Just as you have to localize your product, packaging, and pricing, it’s also important to localize your business operations. There are 196 countries in the world, most with their own currencies, languages, and business conventions. Take taxes as an example — in the E.U. taxes are included in the price you list and charge your customers, while in the U.S., taxes are added on top of the price. Other global differences include invoice sequencing, currency rounding, and the range of ways customers expect to be able to pay you. If you can’t manage global invoicing and payments, you’re literally turning away customers.

It’s on you to make sure your business can monetize your product and get paid by users all over the world. This is hard, but necessary if you want to serve the global market.
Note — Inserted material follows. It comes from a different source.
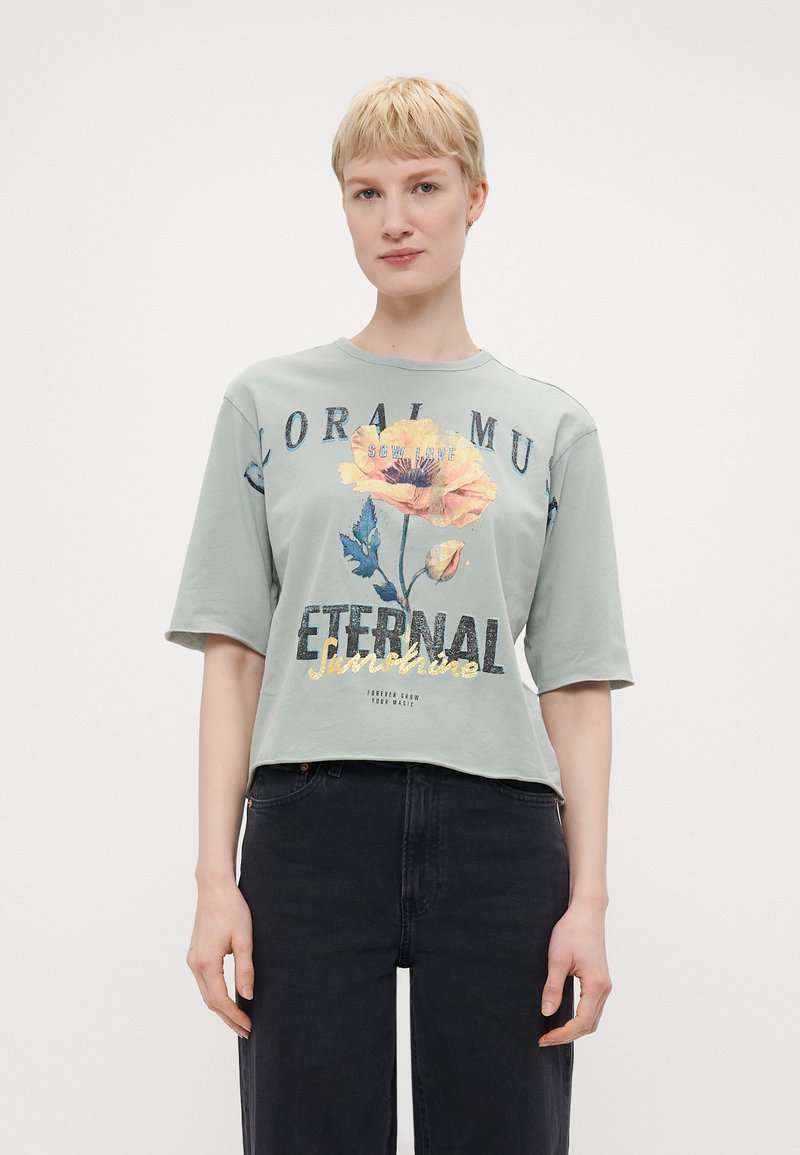 Mintgrønn kortermet t-skjorte med blomstertrykk i gult og blått, med teksten "ETERNAL Sunshine" i metallisk gull og svart.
COMMIT TO BUILDING YOUR GLOBAL STRATEGY

Succeeding in the global market ultimately comes down to planning ahead and building the product capabilities, systems, and processes that allow you to serve and monetize customers all over the world.

You also need the support of partners — including venture investors that understand the global business software markets and cloud business models, and who can help you plan and build the right foundation for long-term global market leadership.